To show you how things have changed, the Suns scored 52 points in the paint and didn’t even attempt a three-point shot until the middle of the second period. When you hit 78 percent of your shots, which the Suns did in the first period, it obviously means you have some pretty good shooters. But it also is a sign your offense is producing some pretty good shots. And indeed, the timing and execution, which have been tentative heretofore, was crisp and confident.
Granted, this was only one game, and it would be foolish to jump to the conclusion that what we saw last night is what we’re going to get every game from now on. But the significance of this performance is that it was a dramatic demonstration of how well Coach Terry’s philosophy CAN work, and thus should make it much easier to sell to his troops.
The Suns were already leading the league in field goal accuracy, and although they cooled off after that 78 percent first period (they only hit 70 per cent for the half), they still padded the lead.
Oh, and although they didn’t launch a three in the first 18 minutes, Steve Nash hit two big ones in the last 30 seconds of the first half to push a lead that had dwindled from 19 to 11 back to 15 at intermission.

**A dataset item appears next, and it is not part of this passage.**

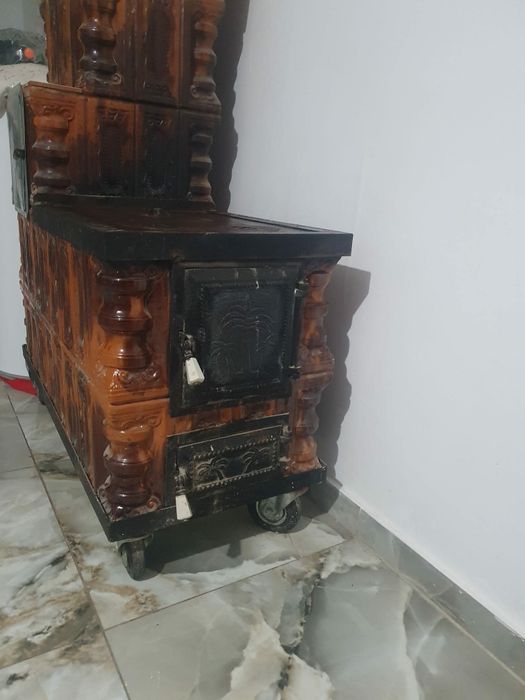 Vînd soba și boiler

And when they crept within 10 early in the fourth period Boris Diaw hit a three. In all, the Suns hit 6 of their 12 from arc city.
They were just as impressive defensively, totally taking the Pistons out of their rhythm and basically forcing them to shop for shots wherever they could find them, which resulted in 39 percent shooting. Allan Iverson, who for some reason has more trouble scoring against the Suns than he does against any other team, was particularly woeful. In fact, he would have had to improve to reach woeful, hitting only 4 of 17 shots.

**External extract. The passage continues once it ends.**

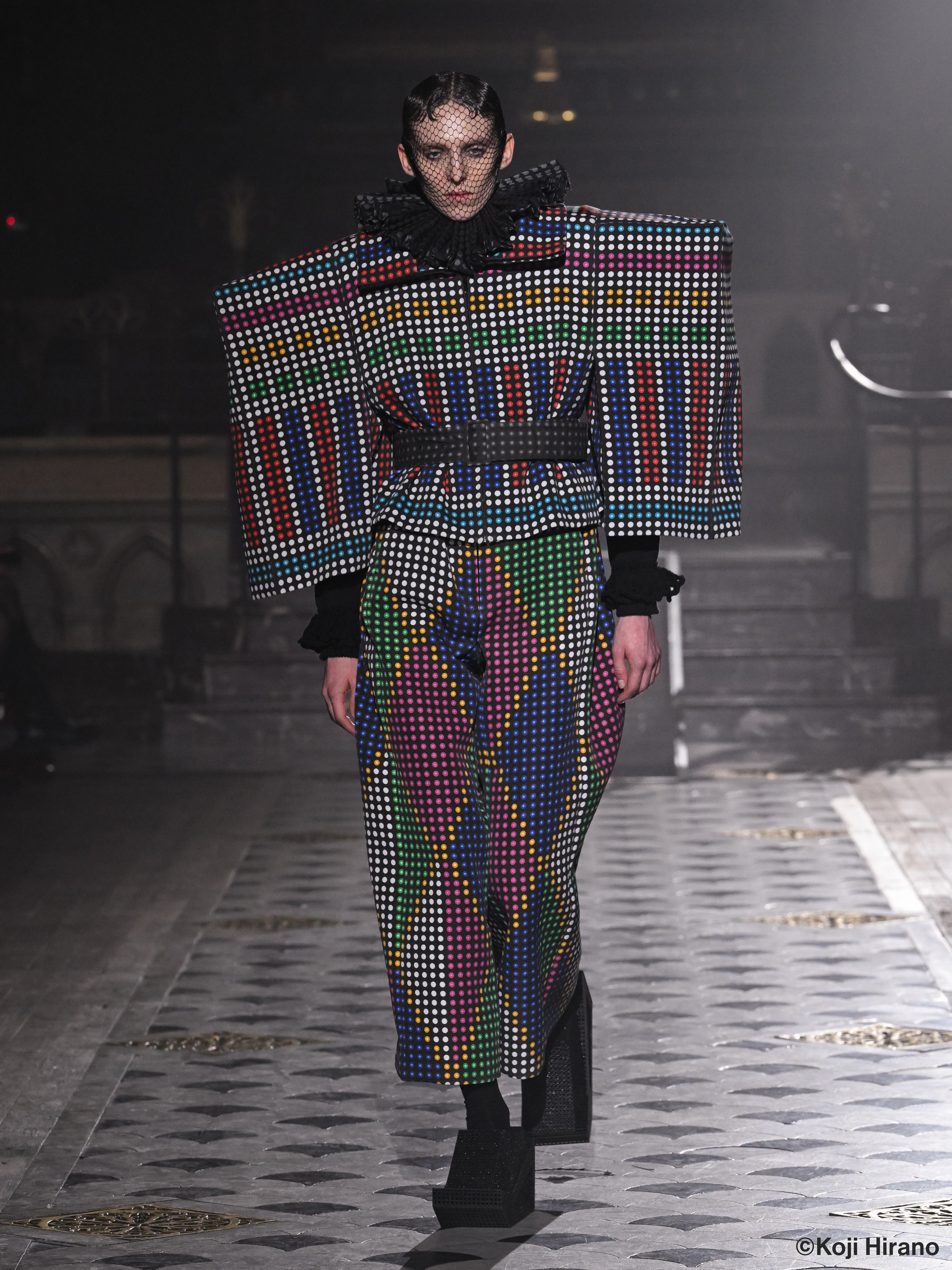 aw25_26_anrealage_look01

And the Suns, who were already without Matt Barnes and Leandro Barbosa, did more than half of this without Shaquille O’Neil, who was ejected on a flagrant two foul while attempting to block a shot. (The officials upheld their call after reviewing the replay, but on my TV it looked like a flagrant one at worst, and there certainly was no sign of malicious intent.)
Shaq departed with 12 points and played a key role in opening up the double digit distance between the teams, and his play thus far continues to be the biggest reason to believe the Suns will most definitely be in the hunt as long as he stays healthy.

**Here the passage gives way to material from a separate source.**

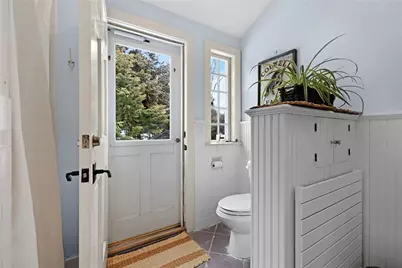 47 Kane Avenue, Middletown, RI 02842 - Photo 32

It’s almost like he somehow peeled off 10 pounds and 5 years during the summer. He’s moving better than he has in more than a year, and incredibly seems to have somehow turned back the clock to what he once was – namely a dominating force.
A system more suited to his skills undoubtedly has helped him a lot, but much of his startling resurrection has to be credited to self motivation. The book on Shaq has always been that when he’s motivated and in shape he’s the most powerful force in the game. (That’s the good news in the book on Shaq. The bad news is he hasn’t always been motivated and in shape during his career).
He’s certainly not ALL the way back to where he was in his championship years, and there still have to be concerns about injury issues at his advanced basketball age. But he’s closer to the old Shaq than anybody either in Miami or here ever thought he’d be again. He was brought here as an expensive bit player, and has been re-cast in the lead.
The bottom line: Shaq has to be one of the most surprising and meaningful story lines in the NBA to this point.